Appendix 1 - Schnitger and Silbermann's Pipe Scales


Although this is not really the place for a detailed discussion of the pipe scales used by Arp Schnitger and Gottfried Silbermann, a few remarks might help to fill out some details in the historical sketch given in the main body of the article.


Three 8 foot Principal stops are plotted below on a standard scaling chart, two of them from organs by Schnitger and the other by Silbermann.  One of the Schnitger organs is that now at Cappel, west of Hamburg.


The chart shows how the pipes of the first four C's across the keyboard deviate in diameter from Normal Scaling (NS), in which bottom C has an internal diameter of 155.5 mm and this then halves every successive 17th note (inclusive).  The deviations from NS are expressed on the vertical axis in terms of semitones.  Note that none of the curves has been corrected for pitch - NS assumes a pitch of A = 440 Hz whereas the pitch of the Silbermann rank was about a semitone higher.  This probably applied to the Schnitger organs also.



Figure A1.  Some Schnitger and Silbermann pipe scales.


The first point to note is the enormous difference between the two Schnitger scales, confirming the difficulties encountered by Ralph Downes (see reference [2]).   The differences are so great that it is pretty much a waste of time trying to account for them at this remove in time - three centuries.  They probably arose because Schnitger often re-used a lot of old pipework when rebuilding an organ, whereas Silbermann seldom or never did.  However in practice Schnitger overcame the consequential problems because of his (or his voicer's) consummate skill in getting any rank of pipes to sound as he wanted in terms of tone quality and power.  A pipe scale is only a starting point, because of the many other adjustments available to a voicer which enable him to compensate for a less than optimum scale if he has enough skill, experience and time at his disposal.  This example of Schnitger's disparate scales also illustrates perfectly the utter pointlessness of spending too much time getting bogged down in scales as so many organ writers do today.

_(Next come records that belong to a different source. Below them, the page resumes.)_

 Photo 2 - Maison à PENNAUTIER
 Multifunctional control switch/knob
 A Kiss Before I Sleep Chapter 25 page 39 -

Nevertheless one can extract other information from these graphs which is of interest here.  One is that the slopes of the Schnitger (Cappel) and Silbermann curves are similar over the middle of the compass, indicating that the halving intervals were much the same in this region.  Specifically, measurements of the gradients show the pipe diameters appear to halve on the 16th note between tenor C and middle C, thus slightly faster than in NS though not by a significant amount.  One has to bear in mind that the data used for graphs such as these often contain errors, a common one being that some writers measure the outside rather than the inside diameters of pipes, or their approach is just slapdash anyway.  Consequently this is another reason why one cannot take the subject of scale too far if one is to remain rooted in reality.


Below tenor C the Silbermann stop halves even more quickly, ending up nearly 1 ½  notes wider at bottom C than if it had been a NS rank.  This would have made the stop sound relatively fluty towards the bass, assuming the voicer wanted to encourage such behaviour.  Above middle C it again halves more quickly than in the middle octave, suggesting a desire to push up the level of the higher harmonics towards the top of the keyboard but, again, only if the voicer chose to allow this to happen.


Although one must not try to draw conclusions beyond what the data can reasonably be expected to furnish, these scaling data are of a piece with the regulation characteristics of a Silbermann 8 foot Principal discussed in the main article.  The drop in power in the region of the keyboard around middle C (the "Silbermann dip" - Figure 4) also approximately coincides with the slowest rate of change of pipe diameters (Figure A1).  Outside this region, both towards the bass and the treble, the power of the rank increases at the same time as the halving interval decreases.  This accords with the subjective playing experience that the treble of a Silbermann Principal sings out well, it is not drowned by the middle range, and the stop becomes subdued and fluty towards the bass.